Pan tröstet Psyche (1892)

Pan tröstet Psyche, 1892 - by Ernst and Gustav Klimt

Pan tröstet Psyche, 1892 – by Ernst and Gustav Klimt

In the story of Eros and Psyche, it was Pan who comforted Psyche as she was about to kill herself, after her cruel sisters tricked her into holding up a lamp to Eros as he was sleeping, to glimpse his divine presence, as he had forbade her to do. This was right after Eros left her, disappointed with with her lack of trust. She attempted to hurl herself from a river bank, or cliff of sorts, to the water below, and she was stopped and calmed by Pan, who offered her the following advice.

From Apuleius, The Golden Ass 4. 28 – 6. 24 (Roman novel C2nd A.D.)

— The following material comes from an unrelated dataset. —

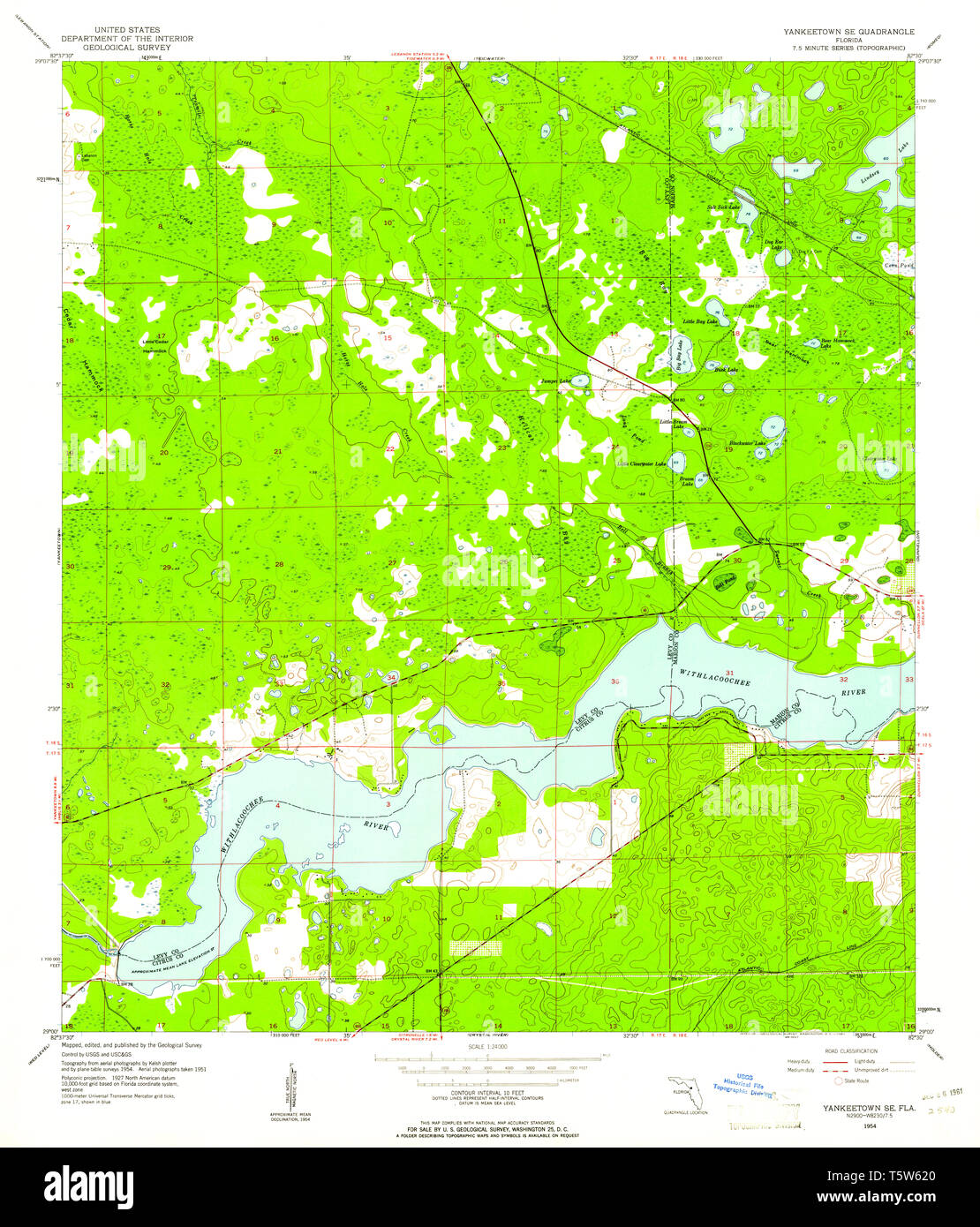 Yankeetown map hires stock photography and images Alamy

The rustic god Pan chanced to be sitting at that moment on the brow of the stream, holding the mountain deity Echo in his arms, and teaching her to repeat after him all kinds of songs. Close by the bank nanny-goats were sporting as they grazed and cropped the river-foliage here and there. The goat-shaped god was well aware of the calamity that had befallen Psyche. He called her gently to him, lovesick and weary as she was, and soothed her with these consoling words.

“O fair maid, I am a rustic and rude herdsman, howbeit, an ancient god, and an expert in many things; for as far as I can learn by conjecture, which, according as wise men do term, is called divination, I perceive by your uncertain gait, your pale hue, your sobbing sighs, and your watery eyes, that you are greatly in love. Wherefore hearken to me, and go not about to slay yourself, nor weep not at all, but rather adore and worship the great God Cupid, and win him unto you by your gentle promise of service.” When the God of Shepherds had spoken these words, she gave no answer but made reverence unto him, as to the god he was, and so departed.